And I like the differences of what constitutes “rough” for different courses in different locales. Hawaii has reeds, twisted island trees, curious white birds, and a sandy underbrush laden with shells and coral bits. Eugene had a lot of ragtop shaggy bushes, some low and fusing into a hedgerow, others standing tall and alone looking similar to bursts of 50 calibre strafing water splashes like you might see in a war movie, frozen in time and green like hell. Vancouver has evergreens and real timber, trees that look relieved to have taken root where no lumberjacks can clear cut them. Bend has cacti. Scotland has rocks and bluffs and fenceless fall hazards. Germany has Germans.

Every course, except perhaps in Utah, has one unifying factor besides the game. Every course, except ones owned and operated by Mormons, has beer. And coffee.
Not long after the 18 hole bachelor’s party, which sounds risqué when described that way, Radical announced their annual golf tournament. Confidence bolstered not at all from a day with Jerry and the Davids, I signed up anyway and soon found myself teamed up with three people that knew how to play far better than I and appreciated my efforts to help them feel better about their scores. I also got the job of keeping score, go figure.
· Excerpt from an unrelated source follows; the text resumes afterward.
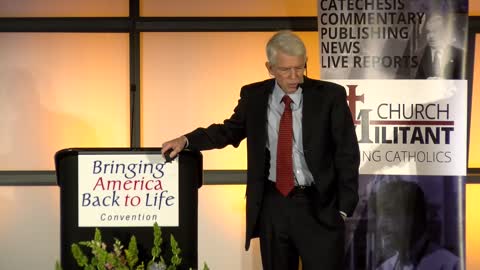 The Consequence of "Life First" - David Barton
Have I mentioned the girls in the golf cart laden with food and beverages that comes by with fair regularity to shower us with concessions for only the price of money?

 
Let’s simply pause to acknowledge the invaluable service they provide to keep morale high among the troops, or at least, all the Racial artists, coders, designers, and production staff brave enough to endure the Vancouver rain to play through 18 holes of golf.
The day progressed quickly, and except for almost losing my kind IT partner when I pumped the brakes a bit hard along a turn and sent him flapping out of the cockpit like a barn door in the wind, though he kept a solid grip on the handle along the side of the windscreen and didn’t spill his beer, and we both had a good, relieved laugh thereafter. And then he insisted on driving the rest of the afternoon. Probably for the best as we lived to tell the tales.
My clubs went into storage after the Radical tournament, not for lack of interest, just wasn’t time or opportunity afterwards, since I’m not a regular, dedicated golfer nor live near any, or a course either. I do wish Vancouver would get rooftop driving ranges like the ones in Hong Kong. I would love to drive into a sunset off English Bay, chipping and slicing yellow balls into mesh netting on the top of some West End bunker condo tower.
When Lindz discovered an inexpensive, well reviewed cruise that would have stops in Mexico, Cayman Islands, and Jamaica that also fit into a window in our respective production schedules, we had no idea the cruise would include a roof top putt-putt course with bright primary color balls to whack at the infinite horizon to heart’s content.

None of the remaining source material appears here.